» The data:
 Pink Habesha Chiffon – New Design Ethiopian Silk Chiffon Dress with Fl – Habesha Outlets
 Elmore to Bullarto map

* * *

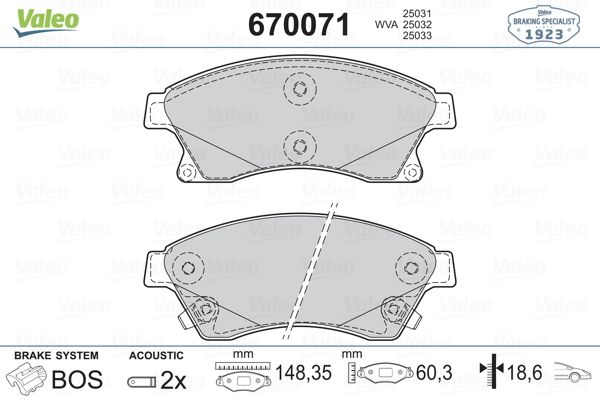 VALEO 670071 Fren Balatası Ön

» Task statement: Your answer should be the exact lines above from the one with "Pink Habesha Chiffon" through the one with "Elmore to Bullarto map", both included, and nothing besides.

» Task response:
 Pink Habesha Chiffon – New Design Ethiopian Silk Chiffon Dress with Fl – Habesha Outlets
 Elmore to Bullarto map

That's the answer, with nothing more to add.